Ese pueblo era una calle custodiada de casas. Era una línea con bombillas y un puñado de personas. Parecía una maqueta de pueblo a gran escala. Llegué al club y vi a doña Coca, era una mujer diminuta de unos cincuenta y cinco años. Dije que iba de parte del policía y que si me daba un choripán. El choripan era rodajas de chorizo que invernaba en bodegas hasta un año y se comía con pan. Doña Coca me miró y dijo que eso no le constaba. No insistí, pero le pedí el favor de que me dejara descansar en un rincón para reponer fuerzas. Dijo que bueno. El club era un salón provisto de mesas para jugar póquer y billar pool. Al fondo se divisaba un salón grande con cajas de cerveza y canastas con empanadas. Frente al salón había una pista de baile con mesas incluidas donde sonaba cumbia y la gente se iba acomodando. Los niños se arrumaban en la ventana para verme y cuando los miraba se escondían. Me olvidé de los niños y sin saber bien en qué momento todos los que minutos antes jugaban en la mesa de póquer estaban en el salón de baile. Me quedé hasta las dos de la mañana sentado en el mismo lugar esperando el policía que no apareció. A doña Coca debió conmoverla mi situación porque me tocó el hombro y me dio un choripán y una coca-cola. Sonreí antes de comer. Luego, en agradecimiento, busqué en el bolso el libro de León de Greiff y le dije a doña Coca que no tenía nada más que ofrecerle. Ella sonrió y se quedó viéndome salir del Club. Afuera el frío heló mis manos. Así que me puse los guantes dispuesto a caminar en dirección a al cuartucho que tenía rentado con Lucrecia, pero desconocí el camino de regreso. Giré a la izquierda. Otra vez a la izquierda. De nuevo frente al club de doña Coca. Respiré. Giré a la derecha. Llegué a un molino donde encontré la recta que me llevaría hasta el hotel. Había una niebla densa que no permitía ver más de dos metros. Maldije la niebla y la promesa de envejecer junto a Lucrecia.

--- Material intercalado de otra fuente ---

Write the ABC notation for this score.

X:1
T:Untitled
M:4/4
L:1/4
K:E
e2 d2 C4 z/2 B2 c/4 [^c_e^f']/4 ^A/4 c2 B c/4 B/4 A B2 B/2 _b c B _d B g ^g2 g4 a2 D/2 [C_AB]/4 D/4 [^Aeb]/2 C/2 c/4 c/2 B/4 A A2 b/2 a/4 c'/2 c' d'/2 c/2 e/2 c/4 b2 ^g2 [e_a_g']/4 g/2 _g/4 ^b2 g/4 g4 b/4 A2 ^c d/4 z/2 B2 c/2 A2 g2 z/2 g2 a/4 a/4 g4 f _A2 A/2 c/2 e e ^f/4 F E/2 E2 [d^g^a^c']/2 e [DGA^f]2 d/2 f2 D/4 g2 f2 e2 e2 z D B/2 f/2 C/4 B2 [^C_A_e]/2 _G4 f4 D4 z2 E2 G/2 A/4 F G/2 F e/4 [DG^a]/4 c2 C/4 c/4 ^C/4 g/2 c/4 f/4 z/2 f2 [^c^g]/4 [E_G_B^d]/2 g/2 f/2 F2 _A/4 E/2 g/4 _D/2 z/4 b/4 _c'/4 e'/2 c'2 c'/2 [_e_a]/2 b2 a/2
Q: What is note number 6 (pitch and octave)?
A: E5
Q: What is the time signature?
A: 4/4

Las rodillas dolían desde los huesos. Empecé a sentir frío y cansancio. Cualquier cosa podía sucederme porque no tenía las fuerzas para defenderme. Empecé a sentir que me faltaba el aire y que algo crecía en el pecho, como una especie de nudo. Fue cuando no resistí el dolor y grité enojado con Dios. En ese instante el cielo se despejó y se insinuaron las estrellas. Pero maldije las estrellas y le dije a Dios que Él era un hijo de puta. Las estrellas se tornaron cada vez más difusas. Bajé la cremallera y saqué el miembro:

—Dios, ¡chúpamela! ¡Cabrón, hazme algo! ¡Mátame de una vez! No he hecho nada tan malo para merecerme tal tristeza. ¡Nunca estuviste conmigo! ¡Nunca! Pero siento que me abandonaste.

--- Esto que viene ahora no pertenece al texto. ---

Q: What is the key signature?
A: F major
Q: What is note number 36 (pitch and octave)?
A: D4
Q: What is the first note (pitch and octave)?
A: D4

El llanto se hizo incontrolable y los gritos me desgarraban las entrañas. Quería morirme para no sentir más la agonía de estar solo y el frío que me quemaba en el rostro. Quería verle la cara al espanto para que me dejara de espantar. Quería enfrentar el miedo al dolor, a saber que podía morir. Quería gritar y que lo que había dentro saliera. Quería purgar toda mi tristeza, sacar desde las tripas todos los pensamientos que oprimían el espíritu. Quería sanar para encontrar en mí la fuerza para continuar el camino. Quería nacer y para nacer había que morir y para morir había que dejarse llevar, sin resistencia, sin miedo, como dice el proverbio chino: “Para vencer, ceder”. Entonces se me doblaron las rodillas y todo se hizo oscuro.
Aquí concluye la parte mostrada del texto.